Don’t spray-paint when the air temperature is below 45 degrees or above 75 degrees. Don’t spray-paint in direct sunlight, either. Too much heat dries the paint too fast, and it won’t bond well. If it’s too cold, the paint dries too slowly, attracting bugs and dirt, and the gun is more likely to clog.
Before you rent a sprayer do your prep work,
Clear the work area of tripping hazards or objects that may snag the sprayer hoses.
Protect nearby surfaces, such as windows, trim, and floors. In most cases, you want to mask off or cover these areas with dropcloths.
Always stir paint well and then strain it to prevent clogs in the tip or at any internal filters. Clogging is the number-one complaint about spray-painting.
Sharpen your spraying skills with the following techniques:
Start moving the gun before you start spraying and keep the gun moving in long, straight strokes. Sprayers apply paint quickly, so you must use this technique to get an even coat that doesn’t run. Move as fast as you would brush out a stroke, or 2 to 3 feet per second.Use long sweeping strokes and maintain a constant distance from the surface.
Hold the paint gun nozzle perpendicular to and 10 to 12 inches away from the surface. Even a slight change in this distance significantly affects the amount of paint being applied: If you hold the nozzle twice as close to the surface, you apply four times as much paint. Avoid tilting the sprayer downward or upward, which causes spitting and results in an uneven application.
Keep the nozzle perpendicular to the surface as you move it back and forth. The natural tendency is to swing the gun in an arc, which results in an uneven “bowtie” application.
Overlap each pass half the width of the spray coverage area to avoid leaving light areas or creating stripes.
Test and adjust the spray equipment until you produce the pattern you want. If the pattern is too narrow, you could apply too much paint to the area, resulting in runs.

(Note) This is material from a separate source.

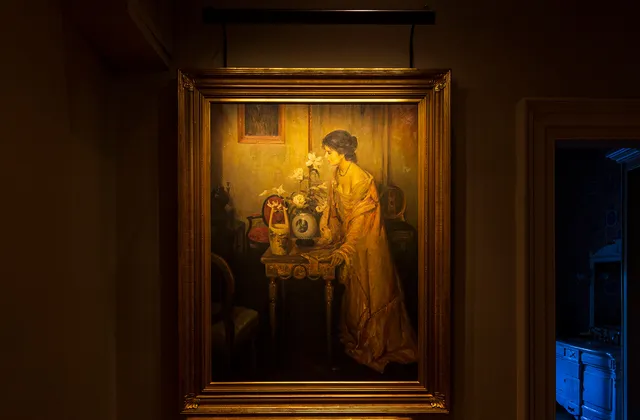 Painting of a lady leaning on a table with flowers in a vase lit by a picture light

With a pattern that’s too wide, you have to make more than two passes to get good coverage. A pattern that’s 8 to 12 inches wide is adequate for most large surfaces.
It’s better to put on the paint a little light and go back and apply a little more than to load the surface with a coat of paint that’s too heavy and may sag and dry unevenly. In time, a heavy coat may peel.

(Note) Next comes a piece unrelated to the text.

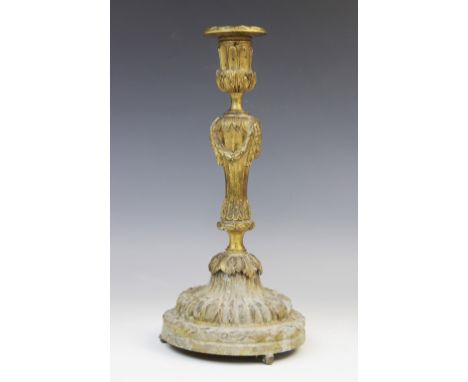 A Louis XVI style ormolu candlestick, early 19th century circa 1820, the flared sconce with continuous acanthus leaf frieze a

Do the corners and any protrusions first and finish up with the large, flat areas. Spray corners with a vertical stroke aimed directly at the corner. Move a little quicker than usual, especially on outside corners, to avoid overloading the edges.

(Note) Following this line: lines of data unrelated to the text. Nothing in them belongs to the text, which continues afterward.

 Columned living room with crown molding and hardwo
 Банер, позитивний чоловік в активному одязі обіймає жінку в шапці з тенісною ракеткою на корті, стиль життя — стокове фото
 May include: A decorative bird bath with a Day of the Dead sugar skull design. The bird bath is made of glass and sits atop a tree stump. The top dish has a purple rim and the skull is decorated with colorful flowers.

After you complete each area, stand back and look for light spots or missed areas. Touch up, making sure that you move the gun before spraying. Keep a brush or roller handy for touch-ups.
Most sprayers have a tip guard to protect you from injecting yourself with paint. Remove your finger from the trigger and wipe off the guards occasionally — with a rag, not your finger. Paint buildup at the tip may affect the spray pattern.
Some spray applications require backbrushing or back-rolling — that is, brushing or rolling in the sprayed-on finish to get a more even coat and better penetration. The sprayer, then, is just a fast way to get the paint to the surface. In particular, you should backbrush stain applications on unfinished or previously stained wood. Backbrushing is strongly recommended when applying primers and sealers as well.